Concert n ¦30 01 ®Philippe Stirnweiss

Pure jeunesse II 2

Le 30e concert joué dans le cadre du Festival Musica était en sorte la suite «logique» du concert n° 28. Ce dernier avait eu lieu la veille et était également entièrement dédié à la jeunesse. «L’institut international de musique de Darmstadt» a présenté le tout jeune «Nadar Ensemble» sous la direction de Daan Janssen. Ce soir-là, le chef d’orchestre était également présenté en tant que compositeur.

Le «Nadar Ensemble» a joué des œuvres récentes écrites par trois compositeurs homme et, enfin par un compositeur du sexe féminin. C’est à peine croyable que les femmes fassent toujours figure d’exception parmi les compositeurs contemporains. Le Festival Musica, comme tous les autres festivals européens, peut être considéré comme représentatif : le festival a présenté les œuvres de 65 compositeurs, parmi lesquels figure une seule femme, Malin Bång.
Dans le passé, le domaine de la composition était un domaine exclusivement masculin. Cela n’a pas besoin d’être démontré. Ce qui est difficilement explicable en revanche, c’est que les choses n’aient pas évolué et que de nos jours les femmes ont toujours autant de mal ne serait-ce qu’à approcher l’équité avec leurs collègues masculins.

«En paysage de nuit» de Daan Janssen ouvre la soirée. C’est un joli morceau qui utilise les sons avec une parcimonie bien étudiée. Une viole d’amour avec sa sonorité chaude et douce s’intègre merveilleusement dans le reste de la coulisse sonore : les instruments jouent leurs parts respectives les unes après les autres avec des transitions particulièrement fluides. Il est rare d’entendre de la musique contemporaine qui plane aussi magistralement, en toute clarté, comme par enchantement. On aimerait entendre bien plus souvent cette œuvre imagée et douce, merveilleusement dirigée par son compositeur. Sa fin, étant suivi par un long et magnifique silence, aurait aussi bien pu être interprétée comme un début.

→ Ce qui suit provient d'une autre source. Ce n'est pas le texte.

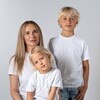 Логотип телеграм канала @matthew1type — Matthew1type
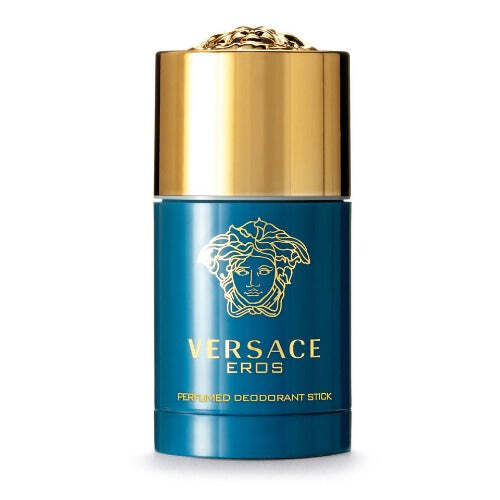 Versace Eros Deodorant Stick Men's Bath & Body Versace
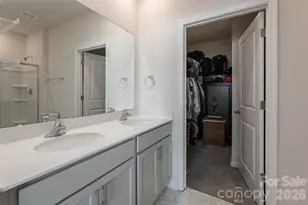 197 Wheatfield Rd, Fletcher, NC 28732 - Photo 24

La démarche de Malin Bång, une jeune suédoise née en 1974, était totalement différente de celle du belge Janssen. Son œuvre «turbid motion» était au sens propre du terme «chargée au turbo». En sus des quelques instruments à cordes et les instruments à vent, il y avait deux percussionnistes équipés de haut-parleurs. La performance de ces derniers était par conséquent «tout en volume»…..
On caressait les cordes du piano et on modifiait les voix et les instruments à l’aide de l’électronique. La sonorité qui en résultait pouvait se situer entre l’agitation sous-jacente et une traque angoissée qu’il fallait écouter les yeux fermés, car il était impossible de déterminer quel instrument ou quelle voix était à l’origine des différents sons. La force de cette impression sonore faisait penser aux coulisses d’une grande ville dans la façon innovante de combiner les sons.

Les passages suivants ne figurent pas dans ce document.